If it is crashing a lot then you might want to try a decompile on the DB and/or making a new database and copying all the objects over to the new container.
Try the decompile first, to do that just add the /decompile flag to the startup options of your DB for example
“C:\Program Files\access\access.mdb” “C:\mydb.mdb” /decompile
Then compact, compile and then compact again
EDIT:
You cant do it without access being installed but if it is just storing data then a decompile will not do you any good. You can however look at jetcomp to help you with you compacting needs
support.microsoft.com/kb/273956
There is a prevailing opinion that regards Access as an unreliable backend database for concurrent use, especially for more than 20 concurrent users, due to the tendency of the database being corrupted.
There is a minority opinion that says an Access database backend is perfectly stable and performant, provided that:
Your network has no problems, and
You write your program correctly.
My question is very specific: what does "Write your program correctly" mean? What are the requirements that you have to follow in order to prevent the database from being corrupted?
Edit: To be clear: The database is already split. Assume less than 25 users. I'm not interested in performance considerations, only database stability.
If you’re looking for great example of what programming practices you need to avoid, number one on the list is generally that of NOT running a split database. Number two is not placing the front end on each computer.
For example the above poster had all kinds of problems, but you can darn your bet that their failing was either that they didn’t have the databae split, or they weren’t placing the software (front end) on each computer.
As for the person having to resort to some weird locking mechanism, that’s kind of strange and not required. Access (actually the JET data engine, now called ACE) has had a row locking feature built in since office 2000 came out.
I’ve been deploying applications written access commercially for about 12 years now. In all those years I had one corruption occur from ONE customer.
Keep in mind that before Microsoft started pushing and selling SQL server, they rated the JET database engine for about 50 users. While my clients don't have problems, in 9 out of 10 cases when someone has a probem you find number one on the list is that they failed to split the database, or they’re not installing the front in part on each computer.

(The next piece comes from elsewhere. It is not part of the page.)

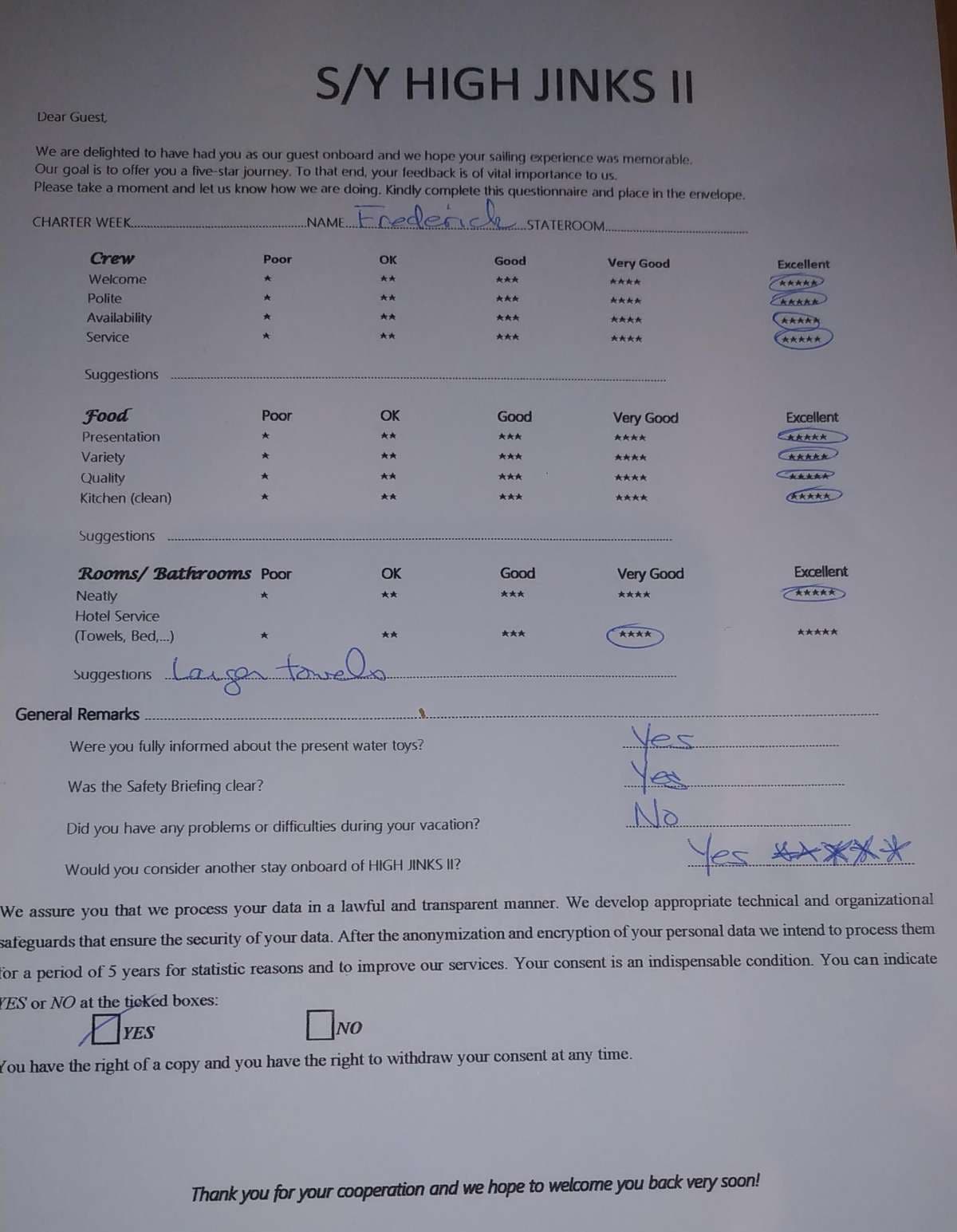 HIGH FIVE guest review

As for coding Techniques or tips? Any program design that you build and make it in which a reduced number of records are loaded into the form is a great start in your designs. In other words you never want to just simply throw up a form attached to a large table without restricting the the records to be loaded into the form. This is probably the number one tip I can give here.
For example, it makes no sense to load up an instant teller machine with everybody’s account number, and THEN ask the user what account number to work on. In fact I asked a 80 year old grandmother if this idea made any sense, and even she could figure that out. It makes far more sense to ask the user what account to work on, and then simply load in the one customer.
The above same concept applies to a split database on a network. If you ask a user for the customer account number, and THEN open up the form to the one record with a where clause, then even with 100,000 records in the back end, the form load time will be near instant because only ONE RECORD will be dragged from the customers table down the network wire.
Also keep in mind that there is a good number of commercial applications in the marketplace such as simply accounting that use a jet back end ( you can actually open simply accounting files with MS access, they renamed the extensions to hide this fact, but it is an access mdb file).
Some of my clients have 3-5 users with headsets on, and they’re running my reservation software all day long. Many have booked more then 40,000+ customers and in a 10 year period NONE of them have had a probem. (the one corruption example above was actually on a single user system believe it or not).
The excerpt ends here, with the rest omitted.